Главное, чтобы согласился их спрятать. Там же во дворе есть сарайчик для дров. Если они с Даней укутаются в старые одеяла, то не замерзнут. А Зелинскис, когда придет за дровами, принесет в кармане что-нибудь поесть.
Это Даня так придумал. Зачем она спросила, что они будут делать, если Зелинскис откажется? И что он мог сказать?
Не надо думать об этом. Надо выглядеть как все, — ведь человеку, который идет по тротуару и без звезд, не о чем горевать. Хотя теперь у всех есть о чем.
Она должна добраться до аптеки, пока не рассвело. Нельзя ей быть на улице при дневном свете. Правда, и при вечернем нельзя. Но что ей теперь можно?..
Дойдет до аптеки, дойдет. Плохо только, что о Бореньке ничего не узнала.
Даня, конечно, будет недоволен ею. «А если бы тебя там задержали?» Так она же не к чужим людям пошла, а к Боренькиному другу. «По дороге могли задержать». Что правда, то правда. Могли.
Но туда ведь добралась. И сейчас доберется. Только — она чуть не остановилась от этой мысли — аптека еще, наверно, закрыта! Когда Зелинскис ее открывает? Куда деться? Скоро рассветет.
Некуда деваться. Она должна идти так же, как идет. Медленнее нельзя. Да и не поможет это, аптека уже совсем недалеко, за тем углом. Зайти в какой-нибудь подъезд и переждать тоже нельзя. Туда войдет кто-то или будет выходить, а она — на виду. Кто такая? Почему здесь стоит?

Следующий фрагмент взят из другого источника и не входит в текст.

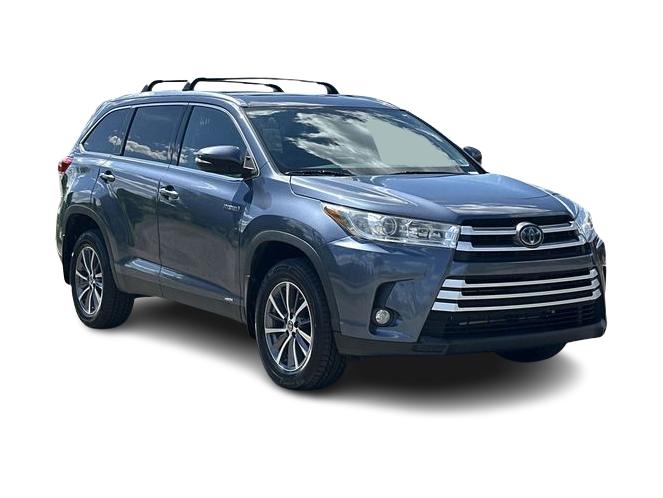 Thumbnail: 2019 Toyota Highlander - 35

Мимо аптеки она прошла, не поднимая головы. Все равно видела, что жалюзи на окнах и на двери задвинуты. Даже разглядела, что в правом окне чуть белеет прежняя фарфоровая чаша, обвитая чучелом настоящей змеи. Зелинскис очень гордится, что эту змею он когда-то сам отловил.
Так куда же она идет?
Никуда.
Сказал бы ей кто-нибудь раньше, до войны, что доведется так вот брести по улице, не зная, куда идти, в какую щель себя спрятать от дневного света, не поверила бы — не может такого быть. Оказывается, может…

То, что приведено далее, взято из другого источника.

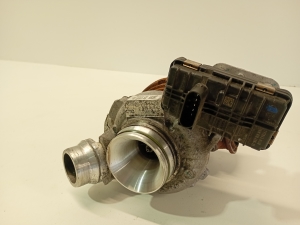 BMW 3 SERIES F30 (2011–2018) Turbo 857008210 - 5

Да, во многое она тогда не верила. Не то чтобы совсем не верила, но когда беда где-то далеко и своими глазами ее не видишь, она вроде и не совсем беда. Ведь когда Даня, не доработав в клинике Фанзена, раньше времени вернулся из Берлина и рассказал, что там творится, она думала, что он преувеличивает. Это оттого, что он слишком близко принимает к сердцу все, что касается его Германии.
Очень он тяжело переживал, что Гитлер набирает силу, что такое множество немцев пошло за ним. А когда Гитлер занял Чехословакию с Австрией, и Францию, и Польшу, на Даню больно было смотреть, так он осунулся и постарел. Она, конечно, тоже переживала и, как все, боялась, что Гитлер на этом не остановится, но пока здесь жизнь еще была жизнью, а дом — домом, меньше, чем Даня, думала об этом. А Даню беспокойство не отпускало. Только он по обыкновению молчал.
Вдруг сзади послышалось знакомое постукивание множества ног о мостовую. Но ведь уже утро. Значит, их ведут на работу. Только на работу.